Join us for a screening of Bronx Gothic, Andrew Rossi’s electrifying portrait of writer and performer Okwui Okpokwasili and her acclaimed solo show of the same title. The film gives insight into Okpokwasili’s creative process and the complex social issues it embodies. Rooted in her childhood memories, she creates a mesmerizing space in which audiences engage with a story about two 12-year-old black girls coming of age in the 1980s.
After the screening, join Chicago artists Brendan Fernandes, Darrell Jones, and Amina Ross in a conversation about race and the process of making live performance.
Admission to Bronx Gothic is free with purchase of a ticket to Okwui Okpokwasili Poor People’s TV Room, which appears on the MCA Stage April 12–15, 2018.
About the Artists
Brendan Fernandes is a Canadian artist of Kenyan and Indian descent. He earned his MFA from the University of Western Ontario (2005) and his BFA from York University (2002).
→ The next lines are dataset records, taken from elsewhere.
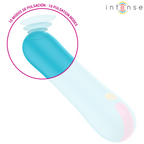 INTENS - CLAUDIA PENETRATION MED RYTMISK TAPENING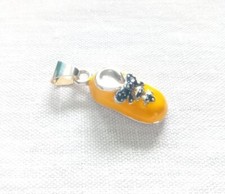 Ciondolo vintage argento usato  Novara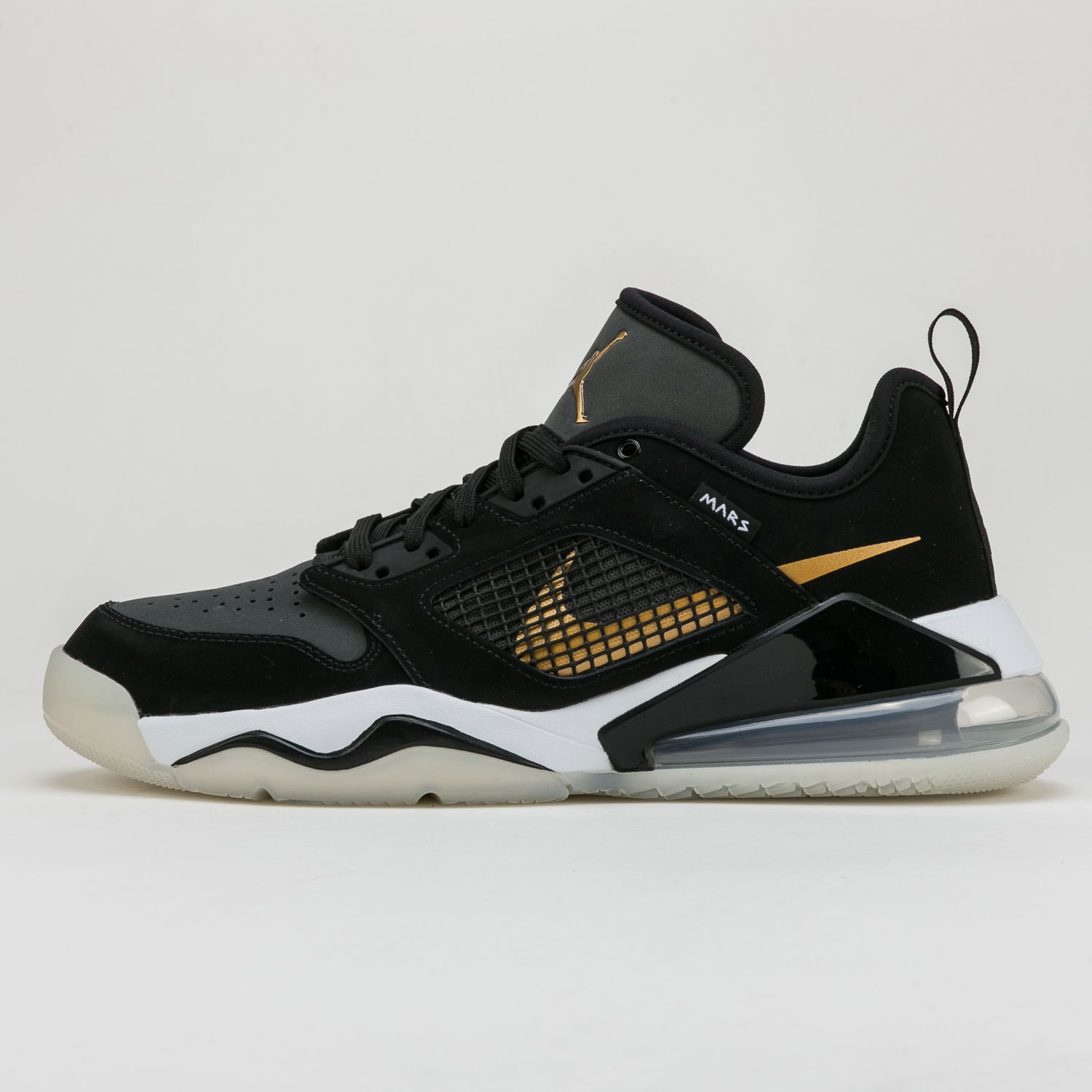 Tenisky a topánky Jordan Jordan Mars 270 Low Čierna | CK1196-017, 0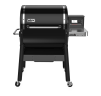 Гриль пеллетный Weber SmokeFire EX4 GBS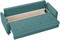 Диван Скандия Plush Blue - фото 174025 Диван Скандия Plush Blue - фото 174025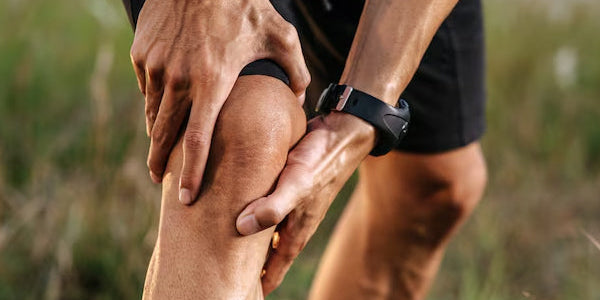 Lesiones deportivas más comunes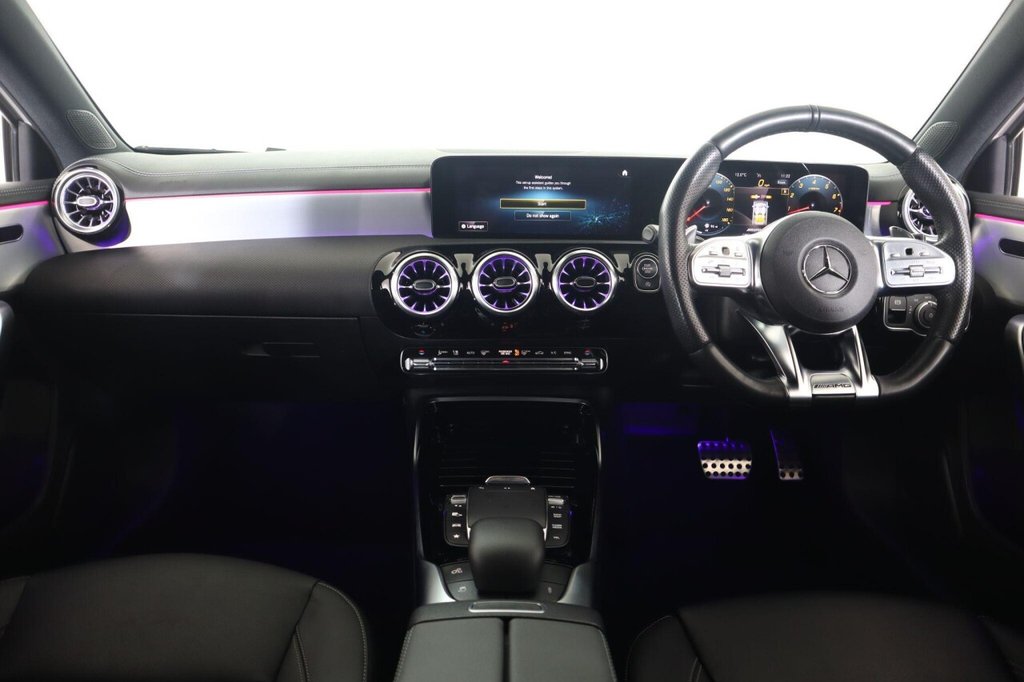 Used Mercedes-Benz A-Class 2023 for sale - 77422513: Photo 12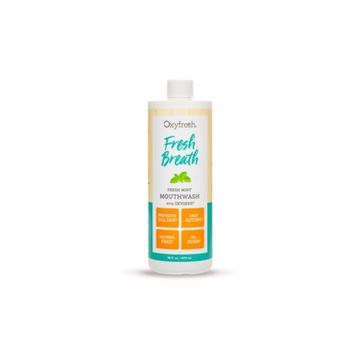 Oxyfresh 473 ml Naneli Ağız Bakım Suyu
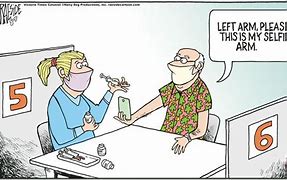 Image result for Recover From Covid Cartoon
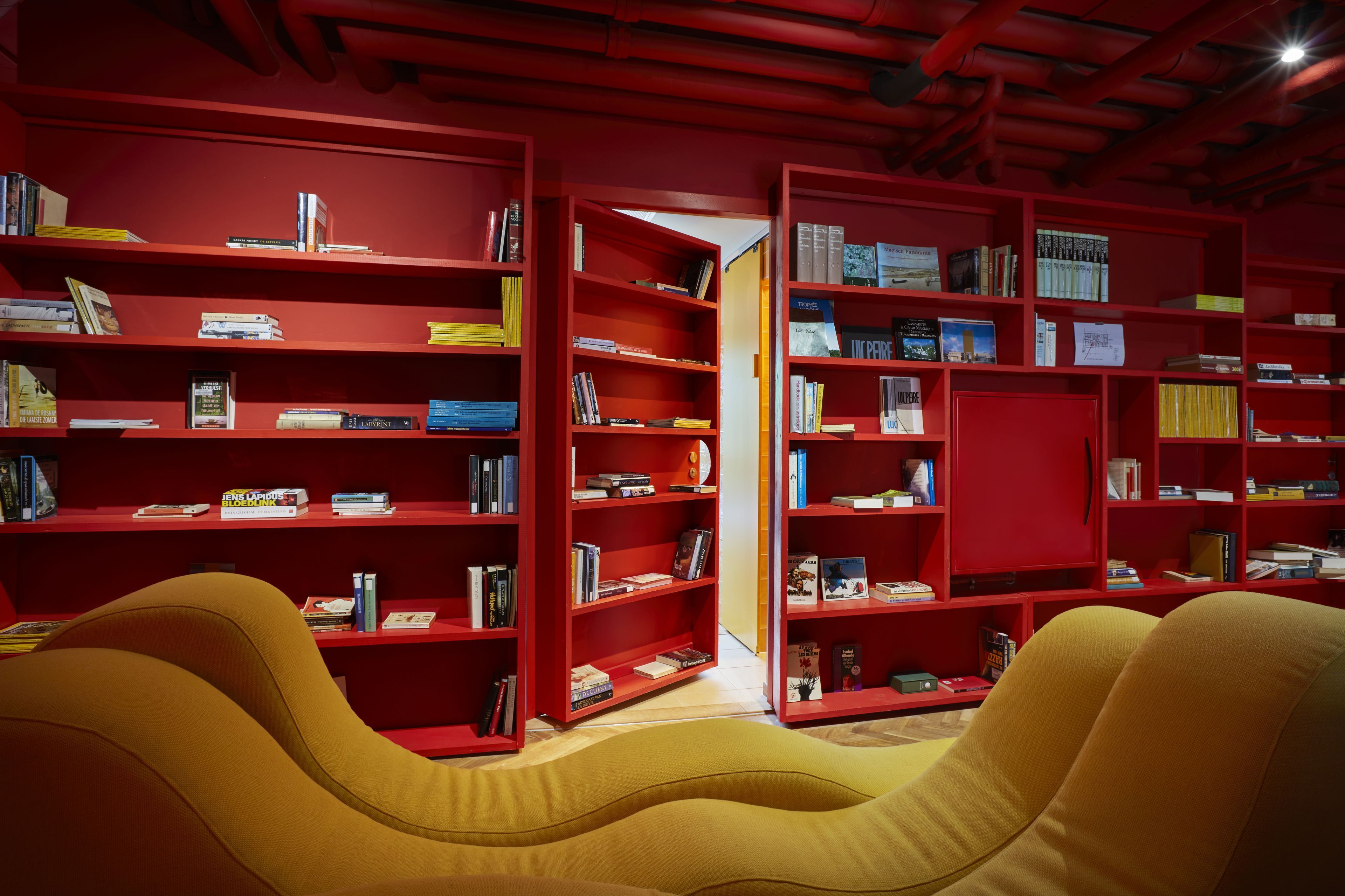 Kamer
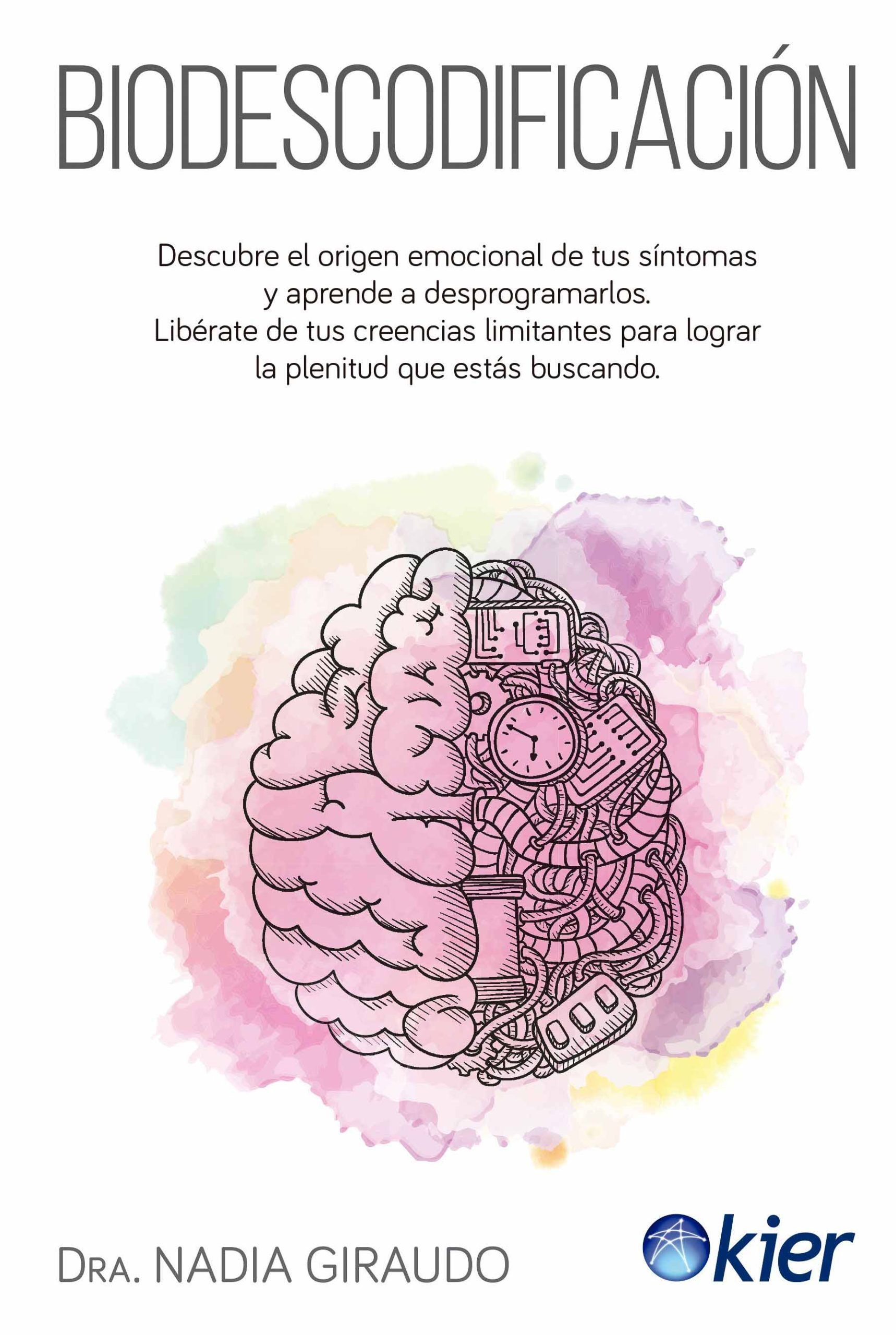 Biodescodificacion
He has exhibited internationally and nationally including at the Solomon R. Guggenheim Museum, MoMA, Art in General, MAC Montreal, the National Gallery of Canada, the Brooklyn Museum, Mass MoCA and the Stedelijk Museum. He is currently artist-in-residence and a faculty member at Northwestern University in the Department of Art Theory & Practice, and is represented by Monique Meloche Gallery in Chicago.
Darrell Jones has performed in the United States and abroad with a variety of choreographers and dance companies such as Urban Bush Women and Min Tanaka. He has received choreographic fellowships from MANCC (Maggie Allesee National Center for Choreography) and CDF (Chicago Dancemakers Forum), and has been a recipient of the Wesleyan University Creative Campus Fellow (2017) and Mid-Atlantic Arts Foundation. Jones is presently a tenured faculty member at The Dance Center of Columbia College in Chicago where he teaches classes in physical practice, performance, and improvisational techniques.
Amina Ross is an undisciplined creator and educator. They work across mediums, shaping spaces that honor darkness and love through language, light-based video installations, sculpture, and curatorial engagements. Ross studied at the School of the Art Institute of Chicago and has exhibited work at venues throughout Chicago, New York, and Philadelphia. Ross has spoken on panels and taught workshops at a wide range of events and venues including Wayne State University, the College Arts Association Conference, the Alphawood Foundation, and Women's Center for Creative Work.